▶ [Record set]:

—————

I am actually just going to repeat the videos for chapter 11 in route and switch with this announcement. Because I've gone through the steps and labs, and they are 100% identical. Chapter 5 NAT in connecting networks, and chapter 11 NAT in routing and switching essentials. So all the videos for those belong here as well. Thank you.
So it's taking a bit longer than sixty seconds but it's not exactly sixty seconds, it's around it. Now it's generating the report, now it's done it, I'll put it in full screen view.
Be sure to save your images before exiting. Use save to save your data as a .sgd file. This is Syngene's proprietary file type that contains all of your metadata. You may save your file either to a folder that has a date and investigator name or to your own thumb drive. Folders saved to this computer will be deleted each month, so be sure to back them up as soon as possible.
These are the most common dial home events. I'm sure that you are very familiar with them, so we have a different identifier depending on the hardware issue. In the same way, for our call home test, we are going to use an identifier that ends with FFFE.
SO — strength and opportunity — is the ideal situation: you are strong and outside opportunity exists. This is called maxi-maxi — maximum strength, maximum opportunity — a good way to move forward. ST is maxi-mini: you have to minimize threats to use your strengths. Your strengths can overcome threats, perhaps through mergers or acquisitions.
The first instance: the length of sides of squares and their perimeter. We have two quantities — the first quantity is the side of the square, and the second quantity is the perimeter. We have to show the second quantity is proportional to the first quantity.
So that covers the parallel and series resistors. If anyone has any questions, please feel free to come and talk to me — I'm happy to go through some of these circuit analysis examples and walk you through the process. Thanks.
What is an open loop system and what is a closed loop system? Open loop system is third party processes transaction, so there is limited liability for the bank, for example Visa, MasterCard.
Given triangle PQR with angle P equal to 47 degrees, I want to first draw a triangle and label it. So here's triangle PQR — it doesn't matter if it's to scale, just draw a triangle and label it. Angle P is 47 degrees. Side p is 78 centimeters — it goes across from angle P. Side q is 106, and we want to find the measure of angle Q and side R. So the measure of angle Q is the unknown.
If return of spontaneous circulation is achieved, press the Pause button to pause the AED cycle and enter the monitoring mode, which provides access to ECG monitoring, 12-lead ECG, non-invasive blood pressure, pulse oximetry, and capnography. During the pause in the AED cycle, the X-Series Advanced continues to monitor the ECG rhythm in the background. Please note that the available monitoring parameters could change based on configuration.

—————

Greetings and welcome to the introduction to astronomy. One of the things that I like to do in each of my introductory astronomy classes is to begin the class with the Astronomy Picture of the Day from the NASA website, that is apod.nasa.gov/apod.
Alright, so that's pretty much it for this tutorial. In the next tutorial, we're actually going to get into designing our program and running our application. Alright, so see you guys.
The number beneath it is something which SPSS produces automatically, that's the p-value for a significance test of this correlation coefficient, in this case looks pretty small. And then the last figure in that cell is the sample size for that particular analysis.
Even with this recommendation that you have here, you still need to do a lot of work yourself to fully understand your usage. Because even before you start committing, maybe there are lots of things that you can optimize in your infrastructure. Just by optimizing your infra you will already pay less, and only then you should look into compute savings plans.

—————

▶ [Exercise goal]:
Would you show each line of the listing above that has the string "analysis"?

▶ [Answer to this task]:
So that covers the parallel and series resistors. If anyone has any questions, please feel free to come and talk to me — I'm happy to go through some of these circuit analysis examples and walk you through the process. Thanks.
The number beneath it is something which SPSS produces automatically, that's the p-value for a significance test of this correlation coefficient, in this case looks pretty small. And then the last figure in that cell is the sample size for that particular analysis.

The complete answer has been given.